* Task statement:
Could the lines from the line bearing "2016 Ford Fiesta" to the end of the records below be copied exactly, with the pictures left out and no other lines added?

* Given records:
=== Section Start ===

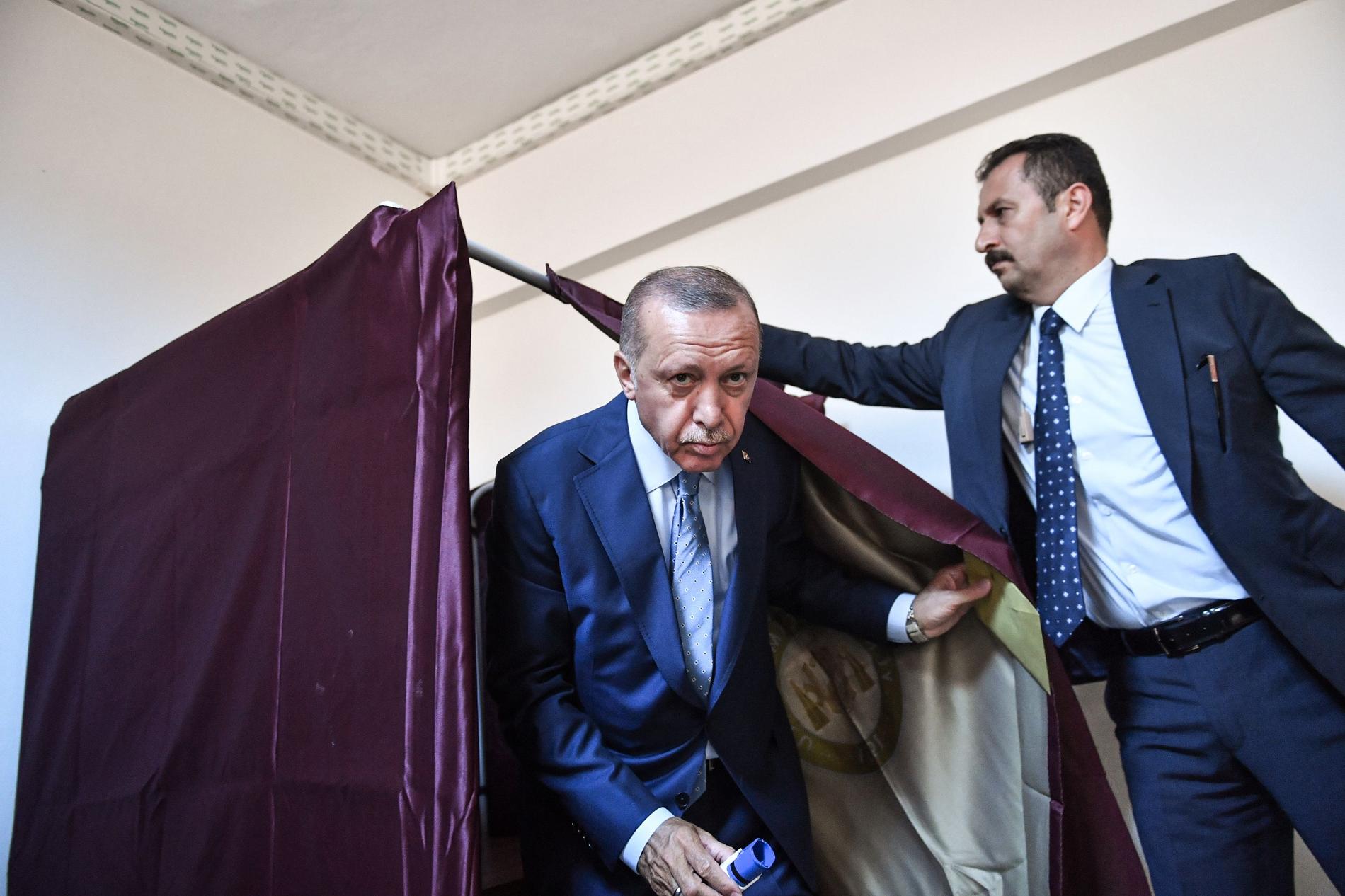 Den turkiske presidenten Recep Tayyip Erdogan röstade i gårdagens president- och parlamentsval.  Erdogan blir ännu mäktigare efter valet som kallats det minst fria sen 50-talet. 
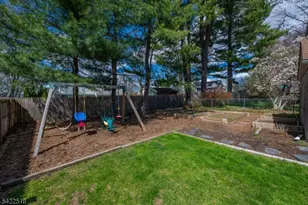 19 Bond Pl, West Caldwell, NJ 07006 - Photo 31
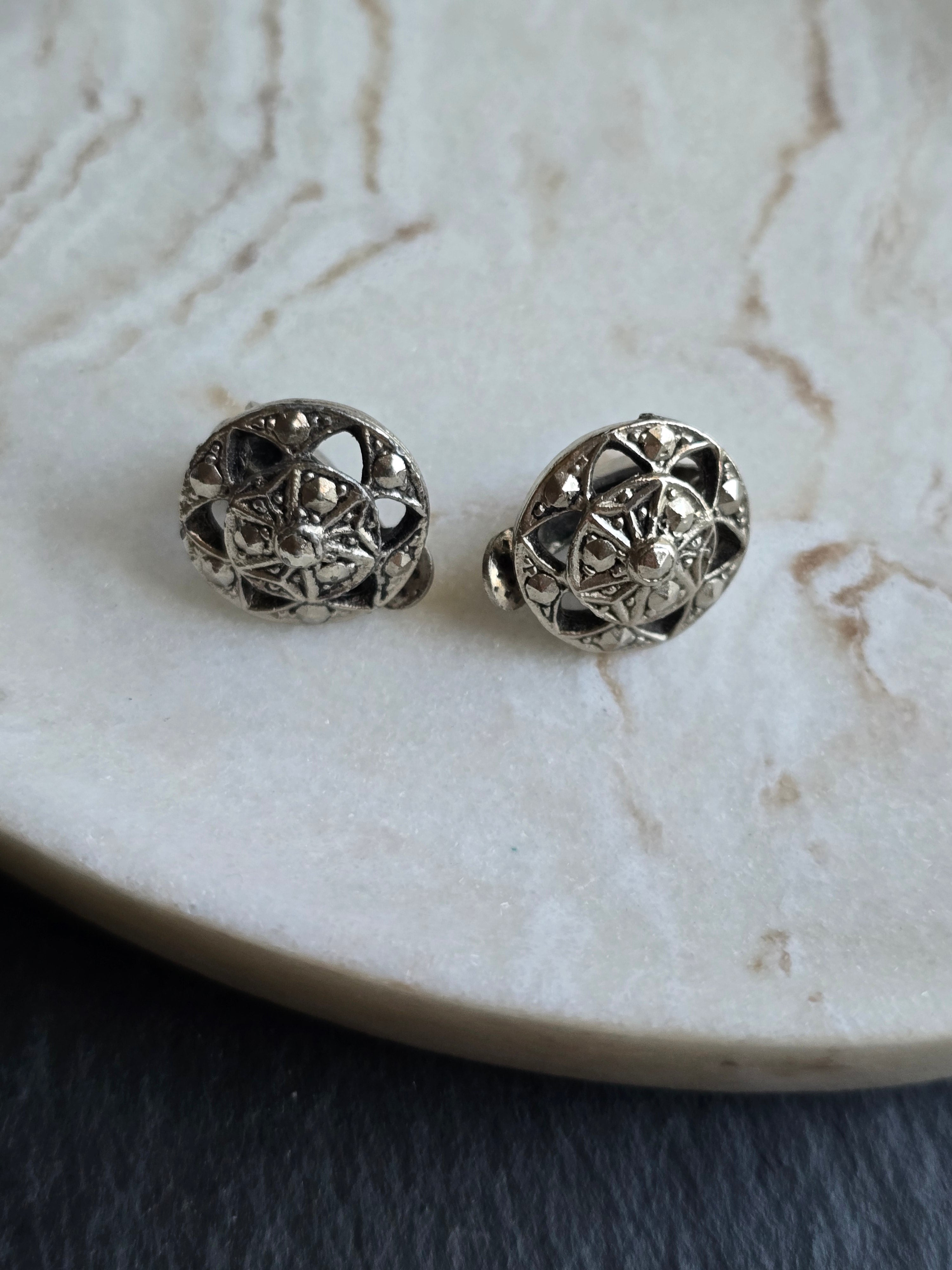 Vintage Silver Tone Faux Marcasite Circle Clip On Earrings
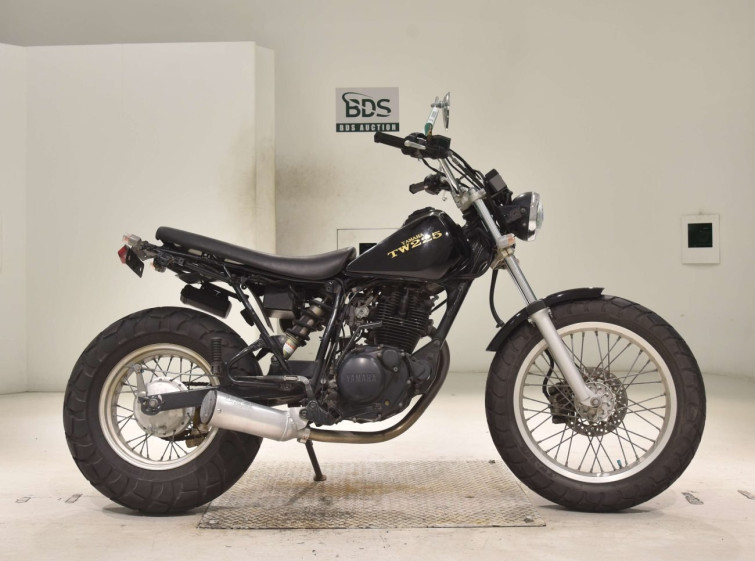 Мотоцикл Yamaha TW225 з пробігом 22474 km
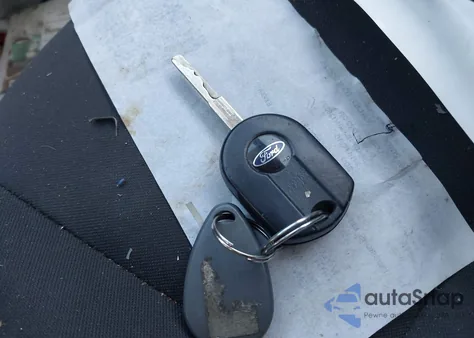 2016 Ford Fiesta Se z USA, uszkodzony, nr VIN 3FADP4BJ3GM138395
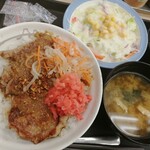 松屋 - ポークステーキ丼(香味醤油)野菜セット　690円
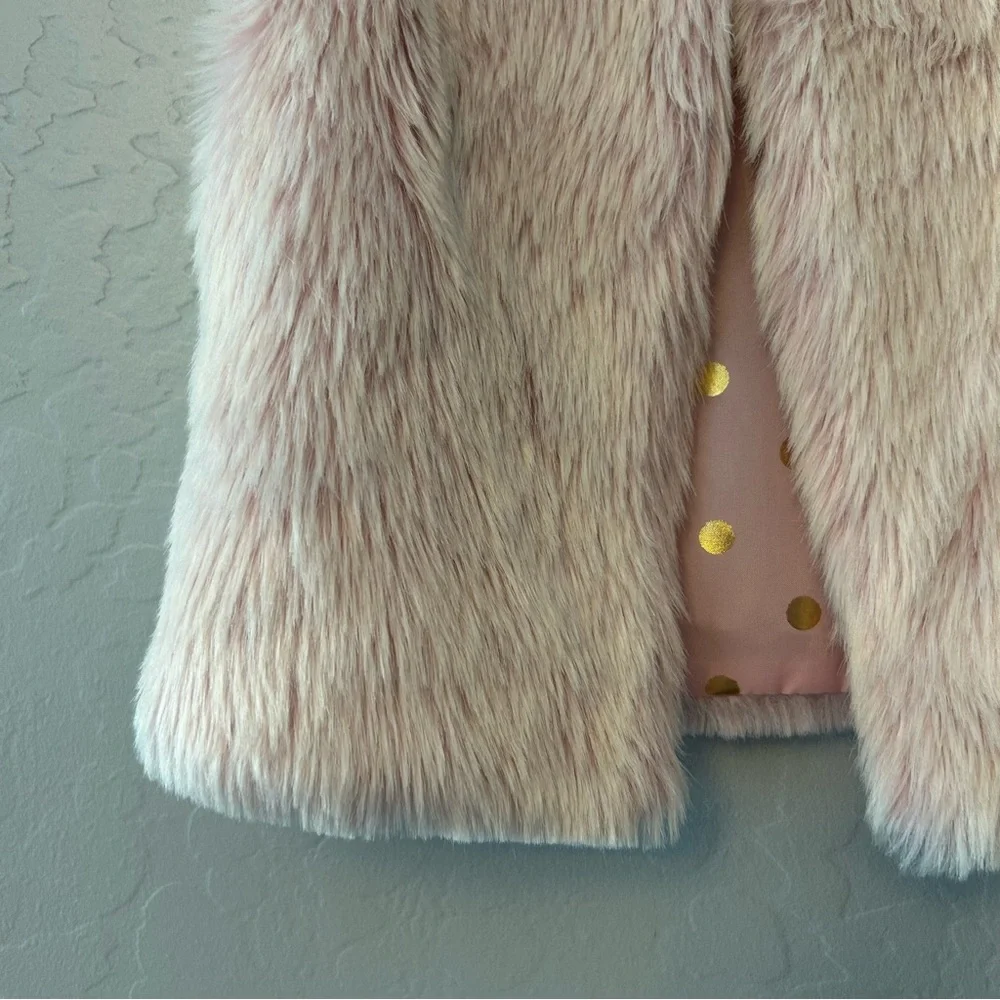 ⭐️Genuine Kids from Oshkosh light pink faux fur vest size 2t/3t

=== Section End ===

* Output for this exercise:
 2016 Ford Fiesta Se z USA, uszkodzony, nr VIN 3FADP4BJ3GM138395
 松屋 - ポークステーキ丼(香味醤油)野菜セット　690円
 ⭐️Genuine Kids from Oshkosh light pink faux fur vest size 2t/3t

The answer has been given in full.